Anyway, Raging Thunder stars Loren Avedon who plays a martial artist whose girlfriend has been kidnapped by Russian and Vietnamese troops. He teams up with his arms-merchant buddy (Max Thayer) and their pilot (Cynthia Rothrock) to stage a rescue in Indochina.
If you were to watch the movie now for the first time you’d probably laugh at how cheesy and badly acted it is but it’s always had a place in my heart and has plenty of action. Loren Avedon could certainly move and his fight scenes are particularly impressive. Cynthia Rothrock gets several scenes to show off her martial arts prowess too but I can’t help but feel she was underused and I hated how she got killed off at the end.
The movie is also far too long and despite only having a runtime of an hour and 45 minutes it felt longer and could have trimmed a few scenes just for pacing.
Matthias Hues is on villain duties and he is frankly just awesome; he looks bored while fighting as no one can really provide him a real challenge. One classic scene has him fight with a prisoner who he toys with then allows to run away, but then shoots him a few times and feeds him to some alligators that he keeps in a pit nearby. I plan on getting one of those installed in my place soon.

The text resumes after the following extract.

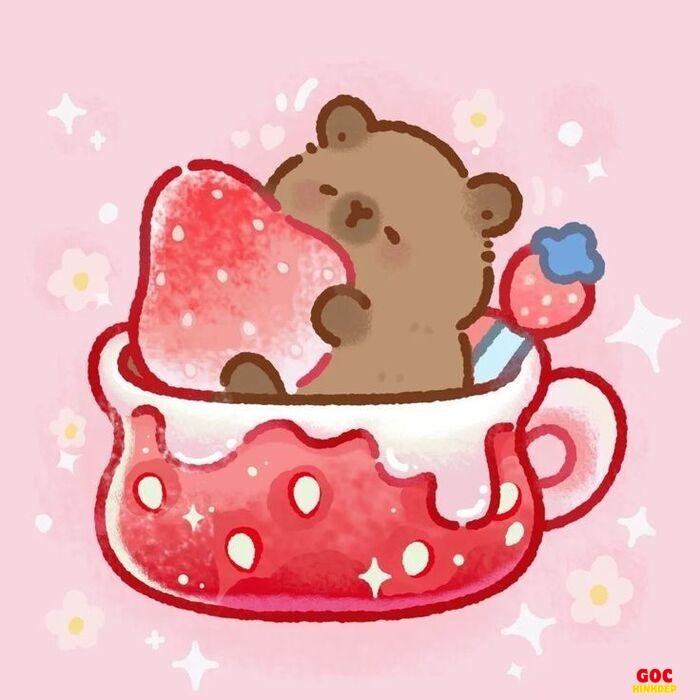 capybara chibi làm avatar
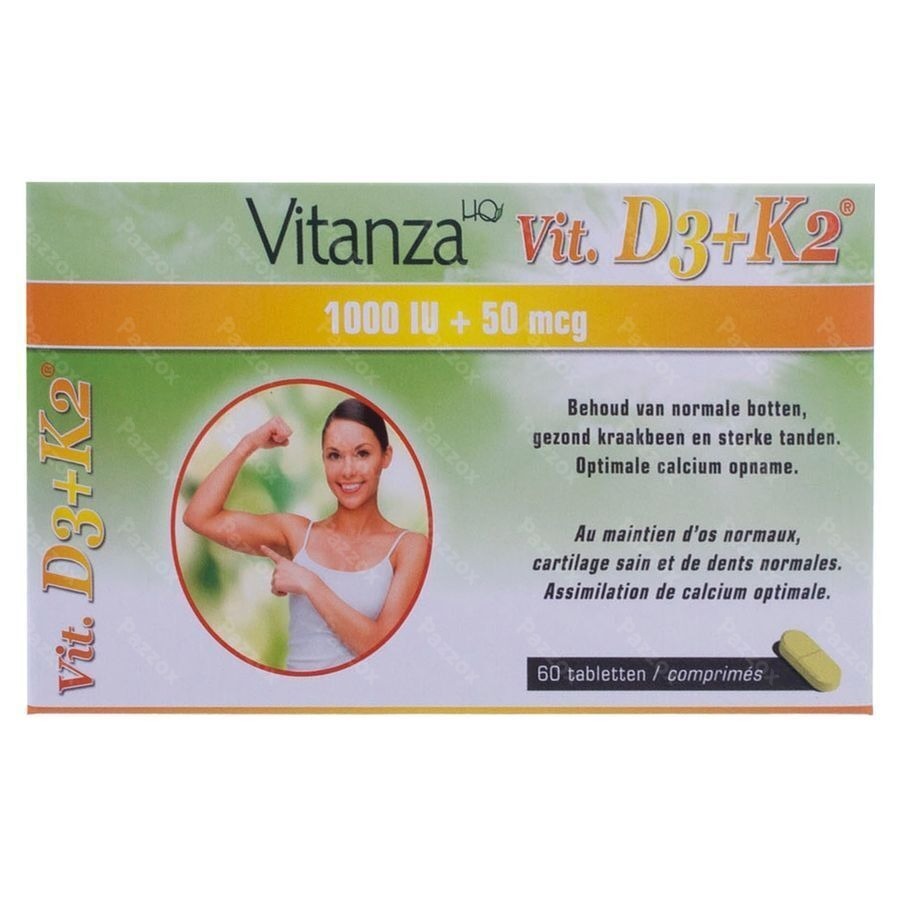 Vitanza Hq Vit D3 + K2 Tabl 60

His final battle with Loren Avedon is a highlight and it should be noted that Hues’ death scene is one of the all-time great bad guy deaths.

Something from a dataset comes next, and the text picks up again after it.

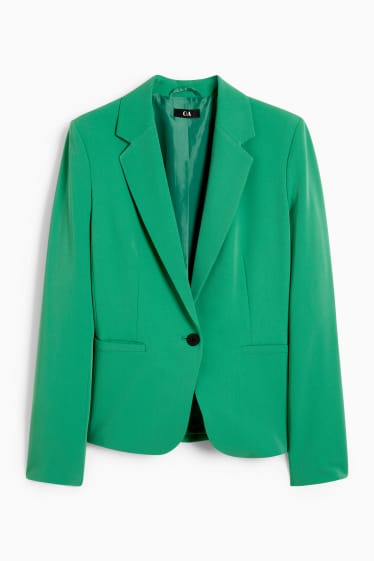 Donna - Blazer - sciancrata - verde
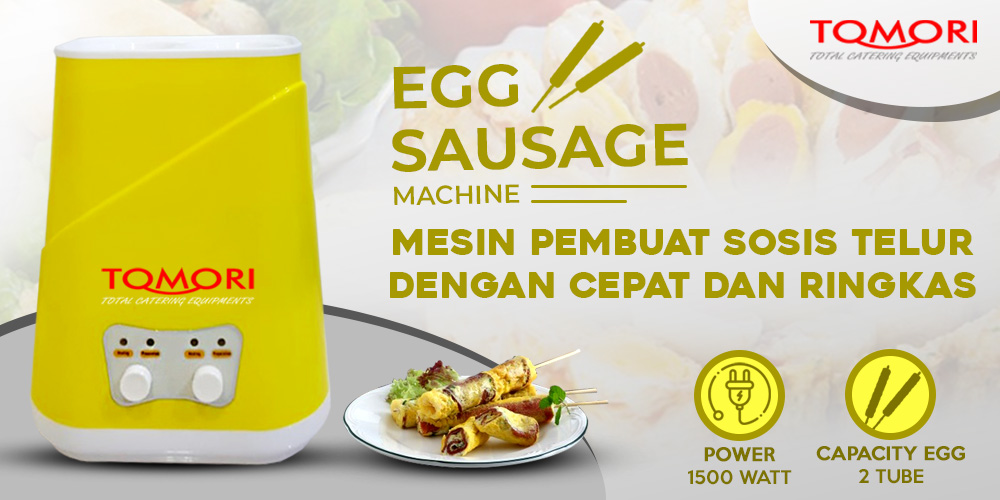 Mesin pembuat sosis telur dengan cepat dan ringkas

Overall, despite being overlong and having some dodgy acting No retreat No Surrender 2 is still a lot of fun even after 30 years.

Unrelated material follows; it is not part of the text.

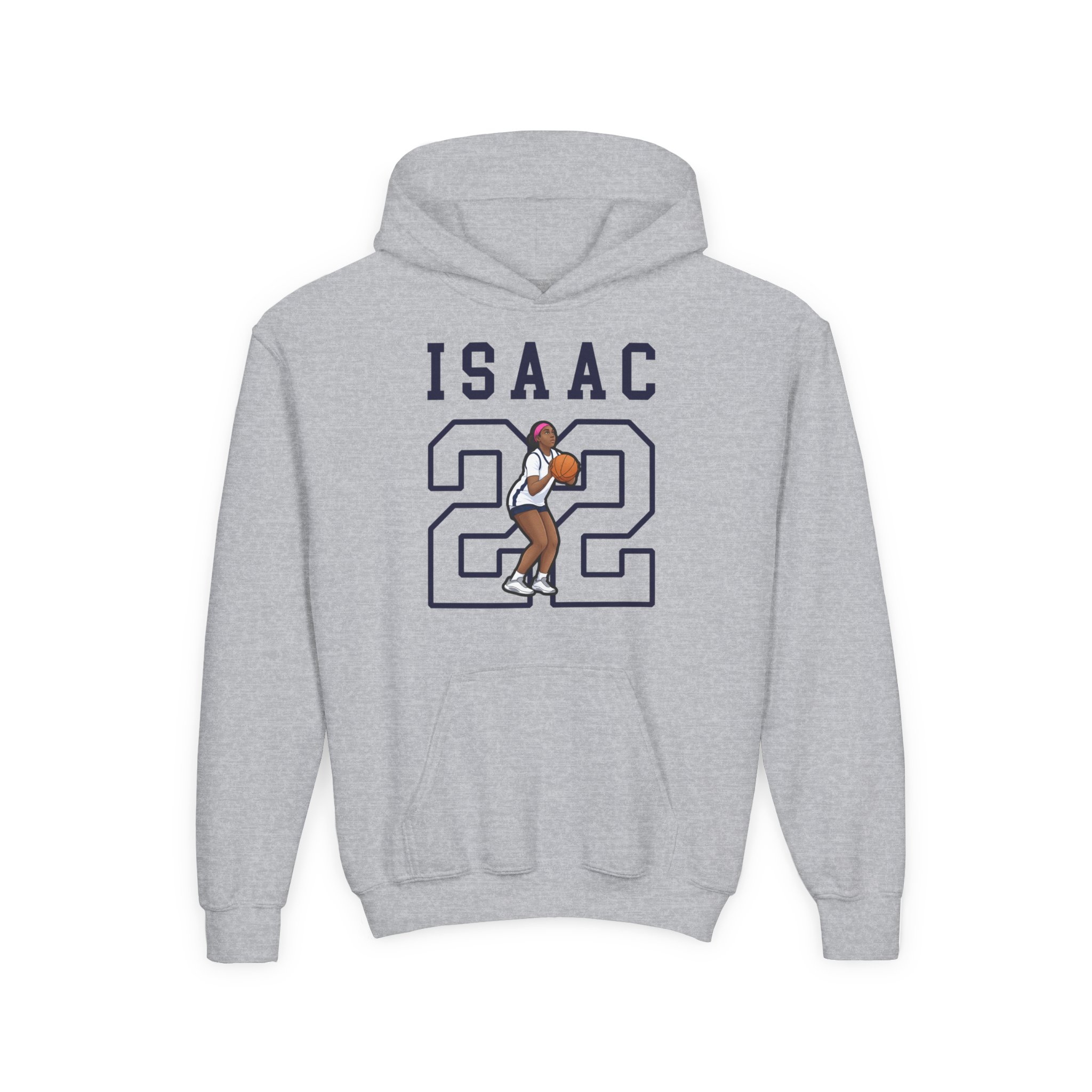 Youth Hoodie — character_shirsey in Grey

No Retreat No Surrender 3: Blood Brothers (1990)
Loren Avedon returns once again but this time he plays a completely different character called Will Alexander and Keith Vitalli plays his brother Casey. The two brothers don’t see eye to eye and share different political views but when their father is brutally murdered by a terrorist group they join forces to avenge him.
For the first half of this movie I really didn’t like the character of Will; he seemed like a whiny little bitch and I thought Avedon’s character in Raging Thunder was far more interesting. Keith Vitalli was a fun addition as his character was quite smug and arrogant so they both played off each other nicely.
Rion Hunter plays the albino looking villain Franco who is the man responsible for the brother’s father getting killed so they do whatever it takes to get close to him to take him down. Franco is controlled and rarely loses his cool but I found him less entertaining than Matthias Hues.
I think the fight scenes in this entry are possibly superior to Part 2 and the final battle between the two brothers and the villain Franco is well done. It takes a little while for things to get into gear action-wise but when the fights begin then the movie gets into its stride.
It never takes itself too seriously with its tongue planted firmly in its cheek. One of the best scenes is when Will goes into a bar trying to look tough (wearing shades) so he’ll get hired by the bad guys… it works and I’m going to try it this weekend.
Overall, Blood Brothers has arguably superior fight scenes than part 2 but I found Will Alexander a less sympathetic character than Scott Wylde from part 2.
I’m going to have to go with Raging Thunder here mostly because it’s called Raging Thunder but also Matthias Hues’ villain, his epic death and frankly just the sense of chaos that the film has throughout.